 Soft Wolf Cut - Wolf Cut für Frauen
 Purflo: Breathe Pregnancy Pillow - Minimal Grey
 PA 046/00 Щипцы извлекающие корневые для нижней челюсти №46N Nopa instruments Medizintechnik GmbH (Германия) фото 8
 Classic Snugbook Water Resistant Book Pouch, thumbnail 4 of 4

--

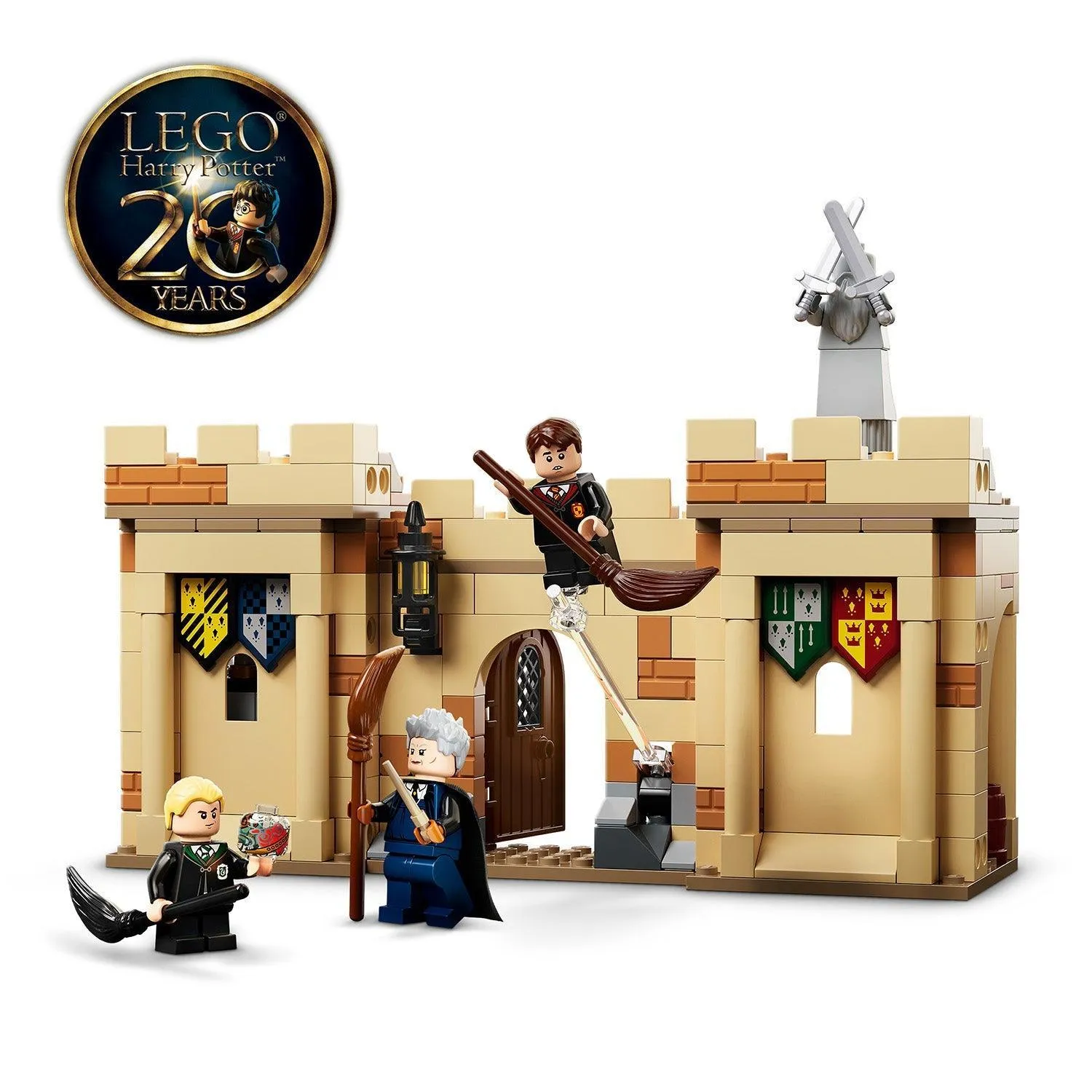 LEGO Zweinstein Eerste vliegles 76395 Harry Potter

» What this task involves
Your answer must consist solely of the lines above between the line holding "Soft Wolf Cut - Wolf Cut für Frauen" and the line holding "Classic Snugbook Water", inclusive, copied exactly.

» Written solution
 Soft Wolf Cut - Wolf Cut für Frauen
 Purflo: Breathe Pregnancy Pillow - Minimal Grey
 PA 046/00 Щипцы извлекающие корневые для нижней челюсти №46N Nopa instruments Medizintechnik GmbH (Германия) фото 8
 Classic Snugbook Water Resistant Book Pouch, thumbnail 4 of 4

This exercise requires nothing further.